There’s a thin piece of fabric that divides female Muslim population of the United States nearly in half. It’s often made of lightweight cotton, polyester or rayon—but its significance far outweighs the actual material.
It’s the hijab, and roughly 43 percent of Muslim women in America wear this Islamic head covering, according to the Pew Research Center.
But some leaders within the Muslim community say women who wear the hijab are becoming targets for hate crimes and verbal assaults.
Moein Khawaja is the executive director of the Council on American-Islamic Relations (CAIR) in Philadelphia. The organization’s 2010 report on hate crimes against Muslims is due for release next week, and according to Khawaja, there is a growth of hate crimes and verbal assaults against Muslims in the United States, especially for those who wear the veil.
“It really comes down to how identifiably Muslim you look,” Khawaja said. “I think women who choose to cover might be more prone to verbal assaults and comments, whereas a man who might not be visibly Muslim will just blend in with the crowd.”
A veiled woman becomes an ambassador to Islam, as one hijab-wearing woman pointed out, because she physically is a walking symbol of the religion.
Becoming an intermediary between Muslims and non-Muslims is a task that Dania A. accepted when she put on the hijab. But she says it does mean she might be targeted because of the way she looks.
The 26-year-old has been wearing the hijab for over a decade and faced little backlash in Florida, where she grew up. That all changed after she moved to New York City two years ago.
While Khawaja says it’s difficult to say exactly what created the spike in hate crimes or verbal assaults, CAIR studies show the beginnings of a backlash against Muslims in 2008. Barack Obama’s origins and family religious affiliations brought Islam to the limelight once again, as anti-Muslim and Islamic watch groups formed.
“In 2008, it was like a perfect storm gathering, with the election of Barack Hussein Obama, the economic downturn and the targeting of minority groups, and a series of domestic terrorism that left no cooling down period,” Khawaja said. “When you mix that in with anti-Muslim organizations that are dedicated to that cause, that created a spike.”

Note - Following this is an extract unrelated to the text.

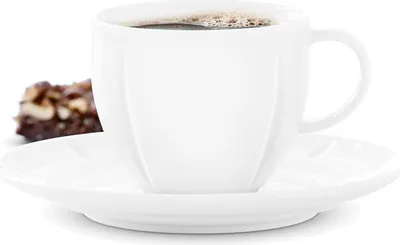 Image de Rosendahl Grand Cru Soft - 2 pcs. tasse à café 28 cl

Those sentiments reached a boiling point in 2010 as the lower Manhattan Islamic center debate intensified.
“The ‘Ground Zero Mosque’ debate in New York got people riled up,” Khawaja said. “You have anti-Muslim organizations that really went after the mosque in New York and other groups that put out noise about how the Muslim ‘threat’ is here. But when that noise filters down and gets to people’s ears and they see a Muslim, it causes them to react in a certain way.”
Native New Yorker Shehnaz Khan remembers the reactions to her hijab as she walked down the street or sat on the subway. Though she put on the hijab roughly a year after 9/11, she said she never experienced animosity because she of the hijab until very recently. This past year, the 25-year-old said she has noticed a growth of verbal assaults, both against her and her other hijab-wearing friends.
Here she recalls what happened one afternoon as she rode the A train back to Brooklyn.
Khan wanted to combat what she believes is “a cycle of hatred” that passes on anti-Muslim thoughts to other generations. Teaming up with local young Muslim women who attend youth group meetings at Turning Point for Women and Families, a non-profit aimed at helping Muslim women and children, Khan and her colleagues began offering information sessions about Islam in the Queens community. It’s aimed to dispel myths about Muslims, regardless of whether they wear the hijab or not.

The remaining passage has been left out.